Specified GPU problem

Question

Specified GPU problem

Closed this issue a year ago · 5 comments

Hello, how to specify GPU training? I can't find the part of the code that needs to be changed. Thank you!

Answer 1 · 2023-01-13T23:20:42.000Z

Hi,
Training and evaluation scripts will run by default on GPUs using ddp. You can set the number of GPUs via the --gpus flag when running the scripts.

Answer 2 · 2023-02-07T05:04:53.000Z

Thank you! but If I have eight graphics cards : 0,1,2,3,4,5,6,7,8, the first two graphics cards : 0,1 cannot be used, and only the last six graphics cards can be used : 2,3,4,5,6,7, how do I do that, how do I specify the last six graphics cards?

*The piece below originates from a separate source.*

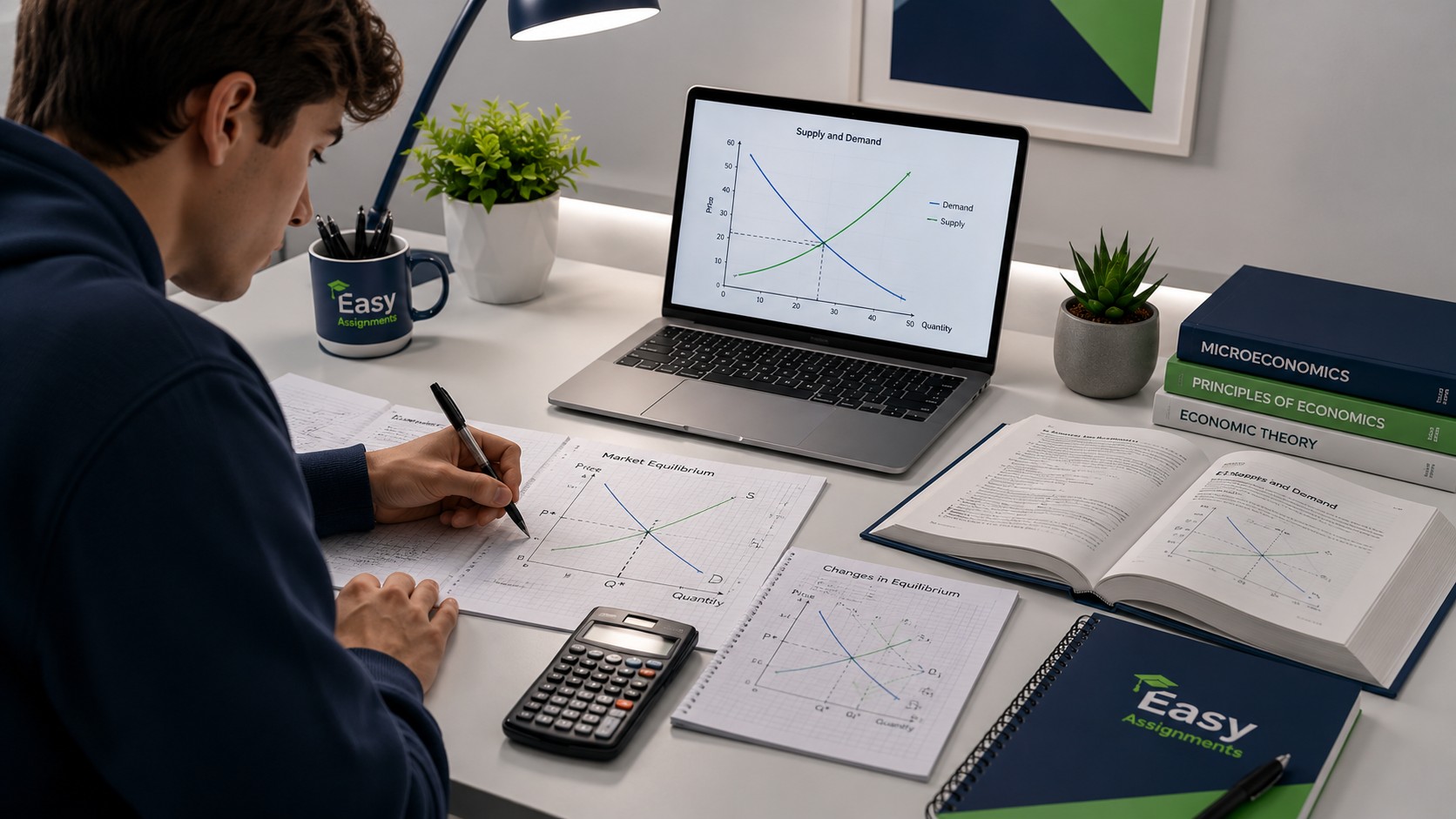 Student working through microeconomics supply and demand graphs for an economics homework assignment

Answer 3 · 2023-02-07T18:46:52.000Z

Hi,

In this case, set --gpus to 6 and you have to set the environment variable to limit the GPUs visible to python. You can do this using

CUDA_VISIBLE_DEVICES=2,3,4,5,6,7 python3 humus_examples/train_humus_fastmri.py \
--config_file PATH_TO_CONFIG \
--data_path DATA_ROOT \
--default_root_dir LOG_DIR \
--gpus 6

or if you are using jupyter-notebook you can set

%env CUDA_VISIBLE_DEVICES=2,3,4,5,6,7

before running your code.

Answer 4 · 2023-02-10T07:44:07.000Z

OK, Thank you! I will try. One last question, how long did it take you to run the code on the fastmri data set with 8 graphics cards at the same time? Because I spent a week running only 11 epochs with two graphics cards (3090)

Answer 5 · 2023-02-10T17:52:32.000Z

It takes around 5-7 days on 8 GPUs to train the default size network on the training dataset. If you have extra GPU memory, you can speed up training by only checkpointing a subset of the cascades here.